CFD Online Discussion Forums

CFD Online Discussion Forums (http://www.cfd-online.com/Forums/)
-   Main CFD Forum (http://www.cfd-online.com/Forums/main/)
-   -   hardware (http://www.cfd-online.com/Forums/main/2066-hardware.html)

Guus Jacobs April 28, 2000 15:35

hardware
 
Hello,

Our cfd-lab is renovating its hardware and planning on buying new hardware efficiently (who isn't). Considering the following given, could you provide some advice:

We generally do large calculations on parallel machines (IBM sp) and thinking of composing a parallel machine of pc's instead of buying a small SGI, because of its economic advantage. Considering the stability of pc's is this a wise idea? Are there other considerations?

Could somebody name (and quantify where possible) the main advantages of workstations over pc's?

How well does windows work in a unix environment and vice versa?

Guus


Alton Reich, PE April 28, 2000 16:07

Re: hardware
 
Our office is slowly but steadily moving toward Intel PCs. I personally am using a P3-700 running LINUX. Some folks are using WinNT on their PCs. I prefer Linux because I'm often running one simulation and setting up another one. LINUX is MUCH better for multi-tasking than WinNT. Trying to do two things at once on Windows seems to slow both tasks to a crawl.

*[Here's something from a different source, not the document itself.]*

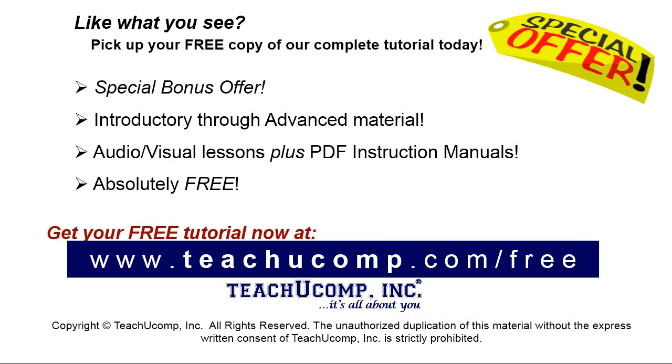Like what you see? Pick up your free copy of the complete tutorial at www.teachucomp.com/free.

We are also moving toward using PC clusters for running big jobs. We currently have clusters of DEC Alphas, but the next cluster will be a bunch of fast PCs running LINUX.

The obvious advantage of PC is that they are cheap. In a year I will feel no shame in walking into my boss' office and telling him that I'm going to throw my P3-700 out a window because I want to buy a new P3-1500 (or whatever will be out at that point). Since my machine cost under $2k, it's possible to use it for 18 months or 2 years and toss it. If you buy an $8K workstation you have to keep it much longer to get your money's worth. That workstation may be a little faster than my PC now, but just wait a year...

Alton

John C. Chien April 28, 2000 17:10

Re: hardware
 
(1).It is an ongoing interest to most people. (2). I can only say that if you are writing your codes, then you should be able to make the program run on PC. (3). But if you are trying to run some third party codes, then the hardware alone is not enough. (4). You will have to consider the hardware including the graphic board, drivers, operating system, the window interface, the specific third party software, the programming language support for the users, Fortran, C, C++, (5). The speed and cost alone may not be enough. Before you buy, check it out first.

Guus Jacobs April 28, 2000 17:43

Re: hardware
 
We are writing are own codes, but depend on other parties software when it comes down to pre- and postprocessing.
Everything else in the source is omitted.